Suppose $\lambda,\mu$ are $\sigma$-infinite measures on the measurable space $(X,\mathcal{X}),$ with $\lambda\ll\mu$ So, I need to prove that the Radon-Nikodym derivative $f$ can be taken to be finite-valued in $X$. This is a question on Bartle's book.
I have a few questions:
1) What exactly means $\sigma$-infinite measure? It is just not a $\sigma$-finite measure?
2) This is not what the Radon-Nikodym prove?
3) If 2) is incorrect, how can I prove this?
I believe your theorem should be revised as the following:
Note I simply changed your term of $\sigma$-infinite to $\sigma$-finite.
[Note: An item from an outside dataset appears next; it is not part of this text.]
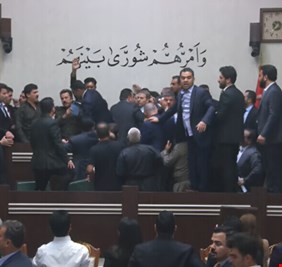 نائب شيعي يعلق على أحداث برلمان كردستان: ندعوهم للابتعاد عن العراك!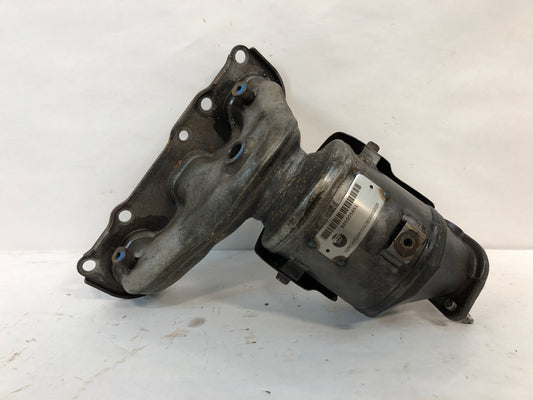 Exhaust Manifold Converter, Left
Like @copper.hat, I have never heard of $\sigma$-infinite.
The theorem has some value since the Radon-Nikodym does not directly state the derivative can be taken to be finite-valued.
Proof:
Assume, on the contrary, $B\equiv f^{-1}(\{\infty\}) \subset X$ has $\mu(B) > 0$. Since $\lambda$ is $\sigma$-finite, we can find a sequence of sets $A_n$ so that $A_n \uparrow X$, and $0 < \lambda(A_n) < \infty$. It follows that $\mu(B\cap A_n) > 0$ for sufficiently large $n$. By Randon-Nikodym theorem, $\lambda(A_n) = \int_{A_n}fd\mu \ge \int_{B\cap A_n}fd\mu=\infty$. This contradicts the condition that $\lambda$ is $\sigma$-finite. Since $\mu\left(f^{-1}(\{\infty\})\right) = 0$, we can always take the Random-Nikodym derivative to be finite-valued by zeroing out those data points with infinite values.